This invention relates to scratch resistant surfaces, and more particularly to a scratch resistant display such as a computer touch screen panel.
Surface scratches affect product appearance and function in detrimental ways. This is especially true in the optics and display industry where the surface is coated with a layer or layers intended to provide a specific function such as a filter or dielectric coating. In particular, computer touch screen panels are especially vulnerable. Touch screens have become more and more popular as a input device for computers. A touch is sensed by a touch screen when a finger or a stylus comes into contact with the outermost surface of the touch screen panel. The contact is translated into x and y coordinates of the finger or stylus on the panel. Since the data entry is based on contact, touch screen panels are inherently susceptible to scratches.
A scratch is made by a plastic deformation on a surface. The force that produces a scratch can be divided into two components: a component that is perpendicular to the surface and another component parallel to the surface. The component perpendicular to the surface produces a plastic deformation on the surface and the component parallel to the surface extends the damage by plowing material out of the way. The damage due to the perpendicular component is dependent upon on the friction of the contact surfaces. The higher the friction coefficient, the larger the perpendicular component and thus the more damage which results.
Two of the most widely employed approaches for providing scratch resistance to a surface are the introduction of lubricants and solid/hard protective coatings applied to the outer most layer of the touch screen. The introduction of a lubricant reduces the energy dissipation along the surface attributable to the vertical component which would otherwise cause damage to the surface. Solid/hard coatings are intended to avoid the initial plastic deformation in the first place. Neither lubricants nor solid/hard protective coatings, however, provide sufficient scratch resistance to touch screen panels.
Non-homeotropic organosilanes have long been used as coupling agents which provide a stable bond between dissimilar surfaces. It is an important characteristic of coupling agents that they form a chemical bond to surface materials. Most of the anti-scratch surface treatments involve providing hard coatings although some use organosilanes to improve lubricity of glass surfaces.
Several other families of organosilanes have been tested. These include alkylsiloxanes, alkylaminosiloxanes, perfluoroalkylsiloxanes. None of these organosilanes, however, have been found to improve scratch resistance to the extent required for touch screen panels.

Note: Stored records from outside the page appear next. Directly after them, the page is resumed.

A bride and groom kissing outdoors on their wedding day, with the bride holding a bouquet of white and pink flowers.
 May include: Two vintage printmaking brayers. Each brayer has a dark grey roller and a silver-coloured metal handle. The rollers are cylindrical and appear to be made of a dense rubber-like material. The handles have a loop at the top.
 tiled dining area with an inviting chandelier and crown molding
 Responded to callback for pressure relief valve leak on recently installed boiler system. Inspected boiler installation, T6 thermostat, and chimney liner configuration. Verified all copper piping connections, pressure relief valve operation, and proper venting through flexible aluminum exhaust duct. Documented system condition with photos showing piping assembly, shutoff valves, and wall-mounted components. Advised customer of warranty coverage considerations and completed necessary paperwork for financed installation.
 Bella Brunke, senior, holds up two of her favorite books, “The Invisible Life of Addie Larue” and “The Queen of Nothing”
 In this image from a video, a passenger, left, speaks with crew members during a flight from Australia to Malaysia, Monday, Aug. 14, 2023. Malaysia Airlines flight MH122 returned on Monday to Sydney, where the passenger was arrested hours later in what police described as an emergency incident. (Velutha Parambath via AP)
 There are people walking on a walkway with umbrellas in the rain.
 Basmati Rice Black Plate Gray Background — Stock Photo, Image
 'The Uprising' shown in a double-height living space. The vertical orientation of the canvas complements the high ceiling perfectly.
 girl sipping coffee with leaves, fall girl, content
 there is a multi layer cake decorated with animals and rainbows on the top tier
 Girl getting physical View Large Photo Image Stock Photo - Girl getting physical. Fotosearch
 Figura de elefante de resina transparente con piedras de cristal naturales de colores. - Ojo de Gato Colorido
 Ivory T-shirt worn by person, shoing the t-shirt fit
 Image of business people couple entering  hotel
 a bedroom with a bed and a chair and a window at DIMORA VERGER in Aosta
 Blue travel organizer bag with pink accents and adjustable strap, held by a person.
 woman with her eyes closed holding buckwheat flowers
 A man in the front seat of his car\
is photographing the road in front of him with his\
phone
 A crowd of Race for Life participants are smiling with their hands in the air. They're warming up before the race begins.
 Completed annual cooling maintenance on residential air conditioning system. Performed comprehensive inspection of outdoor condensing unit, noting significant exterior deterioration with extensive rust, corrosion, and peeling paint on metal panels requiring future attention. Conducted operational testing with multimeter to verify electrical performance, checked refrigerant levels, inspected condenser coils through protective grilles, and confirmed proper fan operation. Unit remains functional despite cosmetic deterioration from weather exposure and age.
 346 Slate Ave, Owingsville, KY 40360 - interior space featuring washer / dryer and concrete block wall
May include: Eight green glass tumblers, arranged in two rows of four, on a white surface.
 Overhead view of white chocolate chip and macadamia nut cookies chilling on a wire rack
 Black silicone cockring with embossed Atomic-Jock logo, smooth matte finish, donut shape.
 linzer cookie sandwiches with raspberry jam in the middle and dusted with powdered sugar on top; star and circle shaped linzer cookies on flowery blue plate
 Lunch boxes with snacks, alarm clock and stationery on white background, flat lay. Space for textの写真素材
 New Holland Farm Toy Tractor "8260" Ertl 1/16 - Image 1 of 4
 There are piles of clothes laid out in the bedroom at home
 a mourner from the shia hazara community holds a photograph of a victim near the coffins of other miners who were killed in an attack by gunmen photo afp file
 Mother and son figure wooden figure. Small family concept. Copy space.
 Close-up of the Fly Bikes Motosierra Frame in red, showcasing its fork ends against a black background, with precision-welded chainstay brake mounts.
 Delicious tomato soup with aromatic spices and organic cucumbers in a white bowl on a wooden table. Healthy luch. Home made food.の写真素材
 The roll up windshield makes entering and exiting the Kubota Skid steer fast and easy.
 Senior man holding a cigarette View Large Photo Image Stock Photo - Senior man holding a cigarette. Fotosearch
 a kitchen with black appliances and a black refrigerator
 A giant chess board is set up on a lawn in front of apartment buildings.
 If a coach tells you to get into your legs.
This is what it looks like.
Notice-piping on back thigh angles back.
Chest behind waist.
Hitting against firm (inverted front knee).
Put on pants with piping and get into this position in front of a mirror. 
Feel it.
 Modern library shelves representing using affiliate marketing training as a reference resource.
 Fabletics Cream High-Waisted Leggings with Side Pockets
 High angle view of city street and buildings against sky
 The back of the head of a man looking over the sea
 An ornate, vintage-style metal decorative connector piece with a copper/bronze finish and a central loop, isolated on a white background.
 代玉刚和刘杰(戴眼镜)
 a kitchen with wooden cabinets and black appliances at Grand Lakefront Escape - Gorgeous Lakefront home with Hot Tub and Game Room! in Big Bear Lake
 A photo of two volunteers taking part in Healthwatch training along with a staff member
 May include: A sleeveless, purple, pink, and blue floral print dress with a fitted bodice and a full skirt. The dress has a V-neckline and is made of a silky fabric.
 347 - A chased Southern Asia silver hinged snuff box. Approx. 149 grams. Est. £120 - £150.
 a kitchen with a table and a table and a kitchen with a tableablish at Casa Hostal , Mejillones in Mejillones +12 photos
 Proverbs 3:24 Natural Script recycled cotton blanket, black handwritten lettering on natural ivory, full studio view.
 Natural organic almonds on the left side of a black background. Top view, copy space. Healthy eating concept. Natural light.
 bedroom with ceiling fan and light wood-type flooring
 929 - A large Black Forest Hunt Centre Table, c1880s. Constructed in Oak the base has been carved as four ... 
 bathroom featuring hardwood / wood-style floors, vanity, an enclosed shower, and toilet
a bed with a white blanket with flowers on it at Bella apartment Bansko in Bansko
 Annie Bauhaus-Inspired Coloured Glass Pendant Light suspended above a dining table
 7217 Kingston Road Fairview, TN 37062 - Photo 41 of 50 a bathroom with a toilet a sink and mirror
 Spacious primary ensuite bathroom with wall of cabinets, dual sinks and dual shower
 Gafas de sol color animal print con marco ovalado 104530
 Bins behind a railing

Touch screen panels can be found everywhere from ATM""s to casinos to bar room video games. These environments are extremely harsh and susceptible to scratching from coins, bottles and glasses as well as being exposed to harsh outdoor elements where they are subject to airborne debris and even vandalism. Depending on the severity of the scratch, the function of the display may be greatly affected.
It is therefore an object of this invention to provide a display which is scratch resistant.
It is a further object of this invention to provide such a scratch resistant display which is durable and long lasting.
It is a further object of this invention to provide a scratch resistant surface which is simpler to produce and more durable than current hard coatings.
It is a further object of this invention to provide such a scratch resistant surface which can be applied to most any coated surface.
The invention results from the realization that a truly durable and long lasting scratch resistant display can be obtained by applying a homeotropic organosilane to the outer most surface of the display to reduce energy dissipation of an object as the object is dragged transverse to the surface.
This invention features a scratch resistant display comprising a substrate, an active portion on one surface of the substrate including at least a conductive layer, and a homeotropic organosilane layer deposited on the active portion for reducing energy dissipation of an object contacting the display.
In a preferred embodiment the active portion may include a protective layer on the conductive layer. The active portion may include a deformable conductive layer on the conductive layer. The organosilane may include a liquid crystal silane. The substrate may be transparent. The transparent substrate may be glass. The display may be a touch screen panel. The first conductive layer may include a tin oxide. There may be a second conductive layer disposed on the substrate on a surface opposite the active portion. The first and the second conductive layers may be tin oxide.
The invention also features a scratch resistant touch screen panel having an insulative substrate, a conductive layer disposed on one surface of the insulative substrate, a protective layer disposed on the conductive layer, and a homeotropic organosilane layer disposed on the protective layer for reducing energy dissipation of an object contacting the touch screen panel.
The invention also features a scratch resistant touch screen panel having an insulative substrate, an active portion disposed on the substrate, the active portion having at least a first conductive layer disposed adjacent the insulative substrate, a deformable conductive layer adjacent and spaced from the first conductive layer, and a protective layer disposed on the deformable conductive layer. There is a homeotropic organosilane layer disposed on the active portion for reducing energy dissipation of an object contacting the touch screen panel.
The invention also features a method for producing a scratch resistant coated transparent article by combining a transportation medium and a homeotropic organosilane, and applying the combination to a coated transparent article to be protected.
In a preferred embodiment the organosilane may include a liquid crystal silane. The article may be heated, after applying the combination, to a temperature below the disassociation temperature of the combination. The transportation medium may include water. The transportation medium may include alcohol.